**WHAT NEEDS TO BE DONE:** Skip every picture while you write out the records below, from the first line through the one that contains "808 day: Close-up", both ends kept.
START SUPPLIED INFORMATION
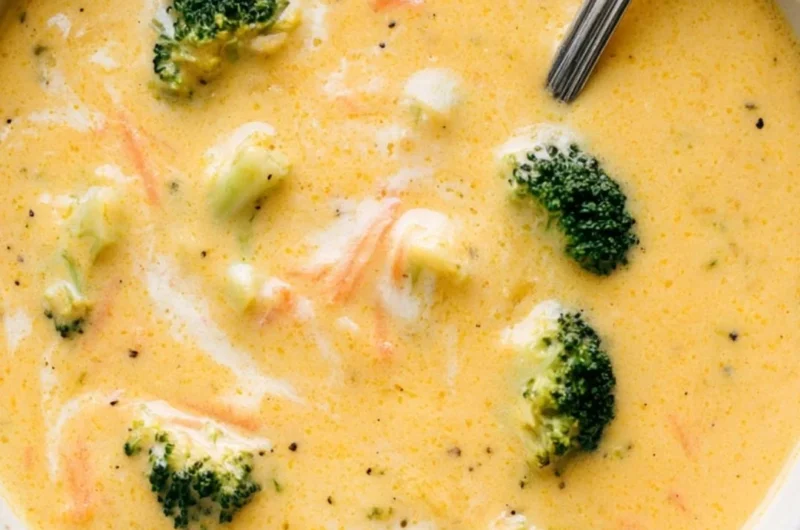 Bowl of creamy broccoli cheddar soup garnished with fresh herbs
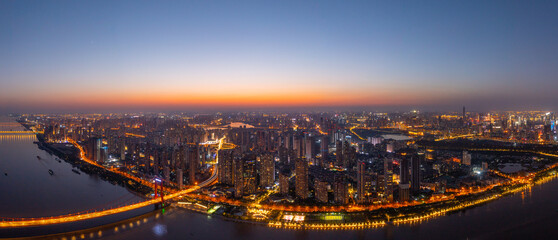 Wuhan, China cityscape at twilight with glowing city lights illuminating the urban landscape and a river reflecting the sky's warm hues.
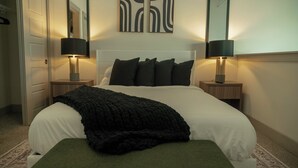 Una cama bien hecha con un edredón negro, dos lámparas de noche y un espejo en la pared.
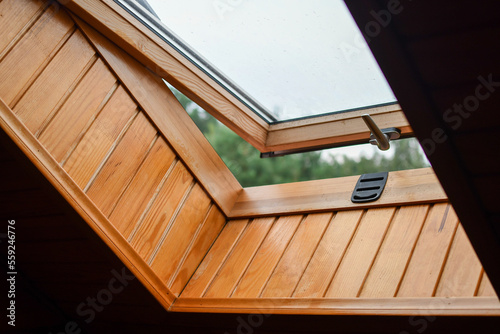 Detail of partially opened roof window installed into roof of the wooden log house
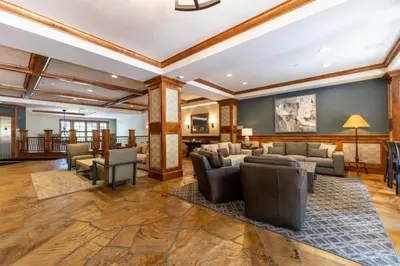 a large living room with couches and chairs at Lone Eagle by Summit County Mountain Retreats in Keystone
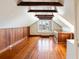 Bonus room featuring high ceilings, wood paneled walls, hardwood floors and a window to the outside at 17 Wentworth St, Charleston, SC 29401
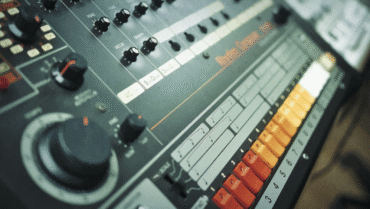 808 day: Close-up view of Roland TR-808 drum machine featuring colorful step-sequencer buttons and analog controls.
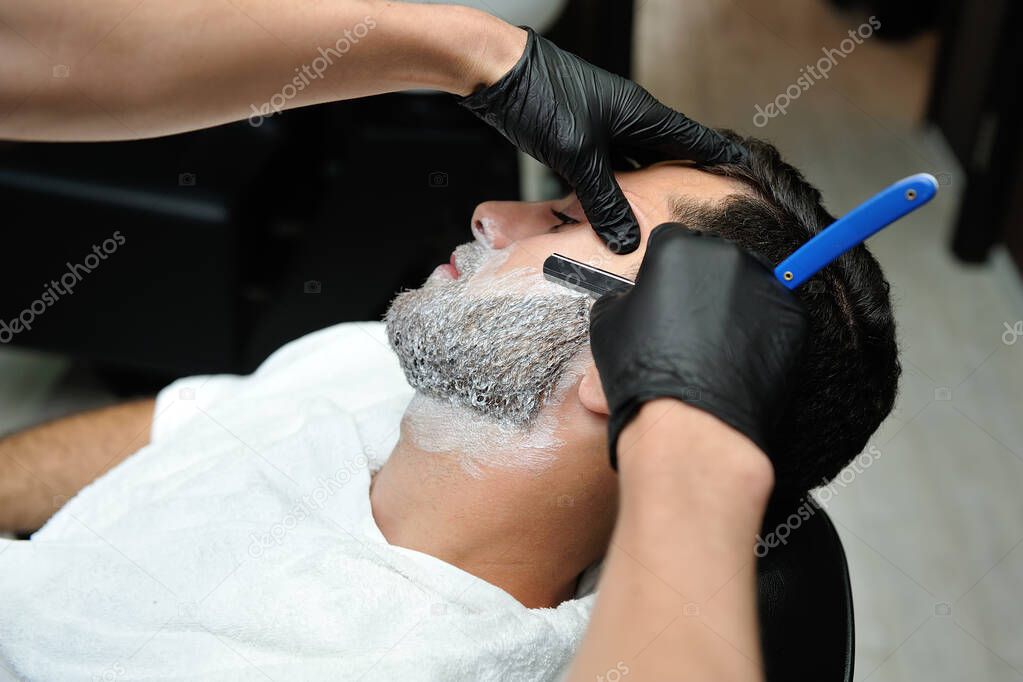 Hairdresser shaving male beard with blade in male barber shop. 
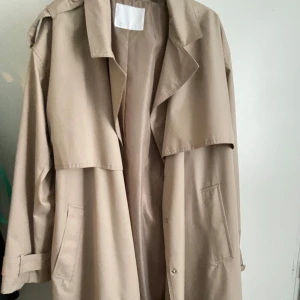 Beige trenchcoat från Samsoe & Samsoe - Säljer en stilren beige trenchcoat från Samsoe & Samsoe.  Jackan är väldigt lång och i lite regn Jack material skulle jag säga. Super fin, älskar den men den kommer tyvärr inte till användning. Köpt på Ullared för 500/699kr. Helt oanvänd 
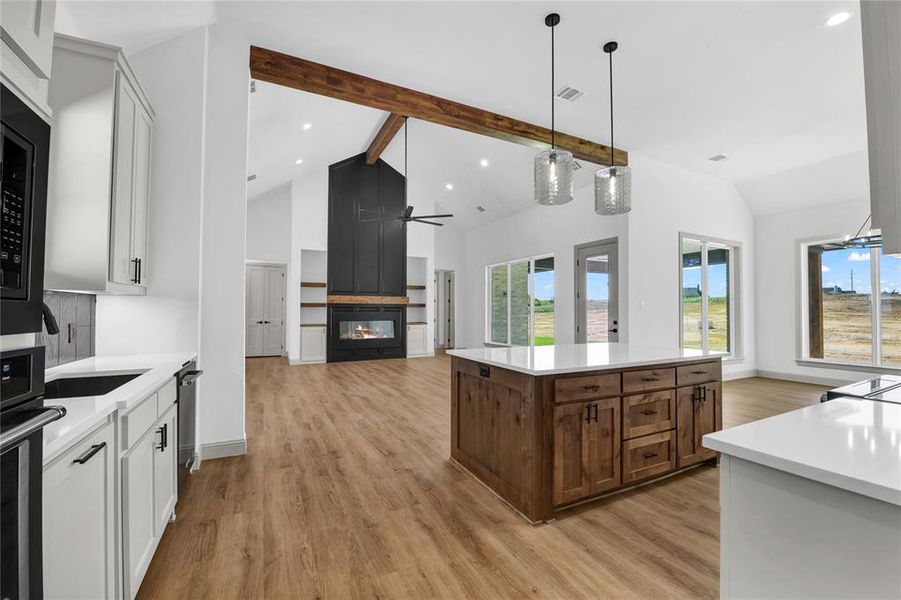 Kitchen with light wood-type flooring, white cabinetry, a center island, and beamed ceiling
END SUPPLIED INFORMATION
**COMPLETED TASK:**
 Bowl of creamy broccoli cheddar soup garnished with fresh herbs
 Wuhan, China cityscape at twilight with glowing city lights illuminating the urban landscape and a river reflecting the sky's warm hues.
 Una cama bien hecha con un edredón negro, dos lámparas de noche y un espejo en la pared.
 Detail of partially opened roof window installed into roof of the wooden log house
 a large living room with couches and chairs at Lone Eagle by Summit County Mountain Retreats in Keystone
 Bonus room featuring high ceilings, wood paneled walls, hardwood floors and a window to the outside at 17 Wentworth St, Charleston, SC 29401
 808 day: Close-up view of Roland TR-808 drum machine featuring colorful step-sequencer buttons and analog controls.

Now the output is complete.